- _TASK TO CARRY OUT_:
Your copy should match the listing word for word, apart from the pictures, which are left out.

AVAILABLE DATA START

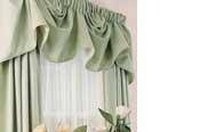 Shirred austrian valance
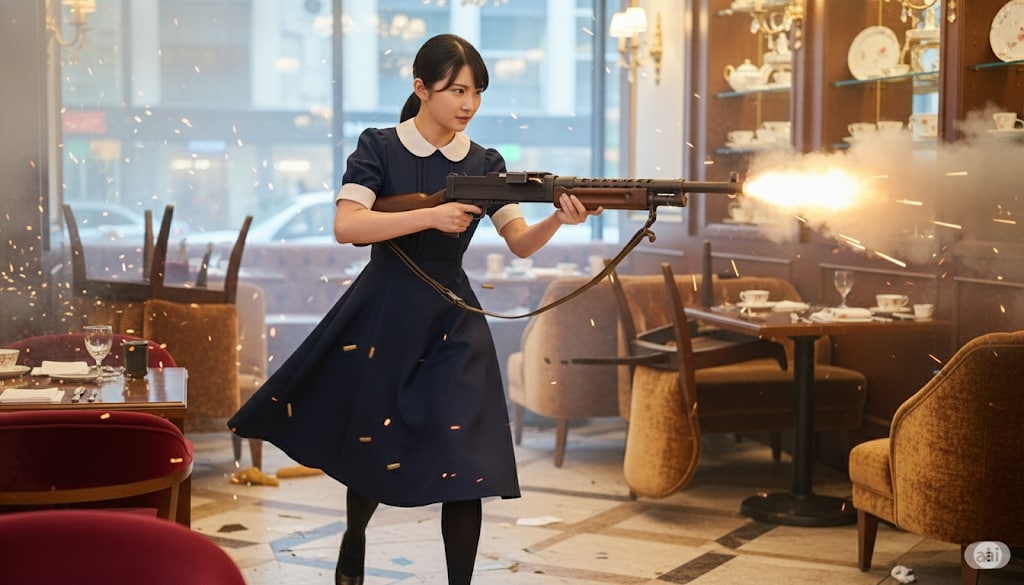 【試作】カフェTEA41新人実戦編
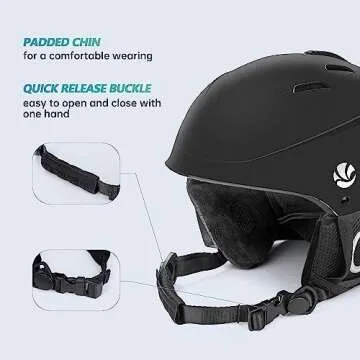 VANRORA Ski Helmet: Safety Meets Comfort on the Slopes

AVAILABLE DATA END

- _RESPONSE_:
 Shirred austrian valance
 【試作】カフェTEA41新人実戦編
 VANRORA Ski Helmet: Safety Meets Comfort on the Slopes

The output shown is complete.